# Web Crawling with Python — Notebook 3
## Crawling Multiple Pages

---

### Why Crawl Multiple Pages?

Many websites organize content across multiple pages (pagination).  
A crawler should be able to navigate through these pages and collect data from all of them.


---

## Task 1: Review — Download and Parse a Single Page

Below is a pattern you’ve seen before:


In [None]:
import requests
from bs4 import BeautifulSoup

url = "https://quotes.toscrape.com/page/1/"
response = requests.get(url)
soup = BeautifulSoup(response.text, "html.parser")

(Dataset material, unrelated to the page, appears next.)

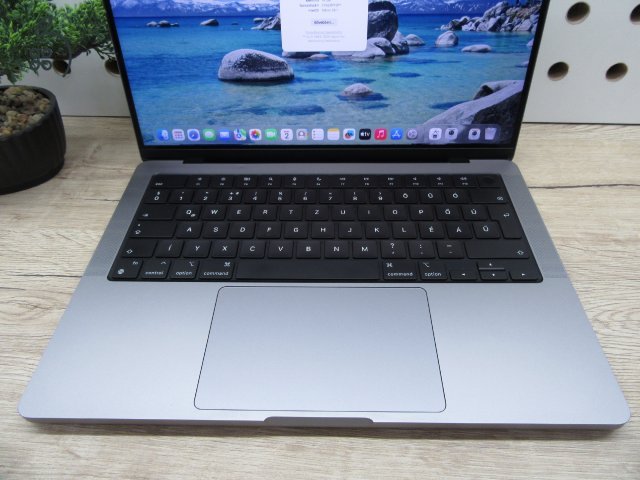 Apple MacBook Pro 14” (2021, M1 Pro) – Liquid Retina XDR + ProMotion 120 Hz, akár 17 óra – 16 GB RAM – 500 GB SSD – Használt, karcmentes – 188 ciklus – 3 hónap garancia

# TODO: Print the page title (as a warmup)


---

## Task 2: Find and Print All Quotes on the Page

This website has quotes inside `<span class="text">`.

**Your task:**  
- Find all `<span>` tags with class `"text"`
- Print the text of each quote


In [None]:
# Starter:
quotes = soup.find_all("span", class_="text")

# TODO: Loop through 'quotes' and print each quote text
for quote in quotes:
     print(quote, end="\n" * 2)
    

---

## Task 3: Crawling Multiple Pages (Pagination)

On this site, there is a **Next** button at the bottom of each page.  
The button’s HTML looks like: `<li class="next"><a href="/page/2/">Next <span aria-hidden="true">→</span></a></li>`

**Your task:**  
- Check if there is a **Next** page
- If so, get its URL and repeat the crawling process

**Hint:** Use a `while` loop.

**Below is a starter:**


In [None]:
base_url = "https://quotes.toscrape.com"
page_url = "/page/1/"
all_quotes = []

while page_url:
    full_url = base_url + page_url
    response = requests.get(full_url)
    soup = BeautifulSoup(response.text, "html.parser")

    # TODO: Extract and print quotes on this page (reuse your code from above)
    quotes = soup.find_all("div", class_="quote")
    for quote in quotes:
         print(f"Quote: {text}")
    

    # Find the Next button ad update page_url (or set to None if there is no next page)
    next_btn = soup.find("li", class_="next")
    if next_btn:
        next_link = next_btn.find("a")["href"]
        page_url = next_link
    else:
        page_url = None


---

## Task 4: Store All Quotes

**Modify your loop:**  
Instead of just printing, **append** all quote texts to the `all_quotes` list.

After crawling all pages, print the total number of quotes collected.


In [None]:
# TODO: Store all quotes in the all_quotes list, then print the total count at the end
all_quotes.append({
            "text": text
        })

print(all_quotes)

---

## Challenge: Save Quotes to a File

**Optional:**  
- Write all the quotes you collected into a text file, one per line.


In [None]:
# TODO: Save the quotes in 'all_quotes' to a file (e.g., quotes.txt)
print(all_quotes.txt)


---

## Reflection

- What challenges did you face with pagination?
- How might you adapt this approach for sites with more complex navigation?

- Write your thoughts here:_

- The primary challenges with the specific pagination approach shown (looking for a li with class next and an "a" tag within it) stem from the variability of website structures Inconsistent HTML Structure, Rate Limiting and IP Blocking, Session/Login Requirements
- In summary, the key to adapting for complex pagination is a deeper understanding of how the target website works, particularly how it loads new content. This almost always involves careful inspection of the HTML structure and often, the network requests made by your browser.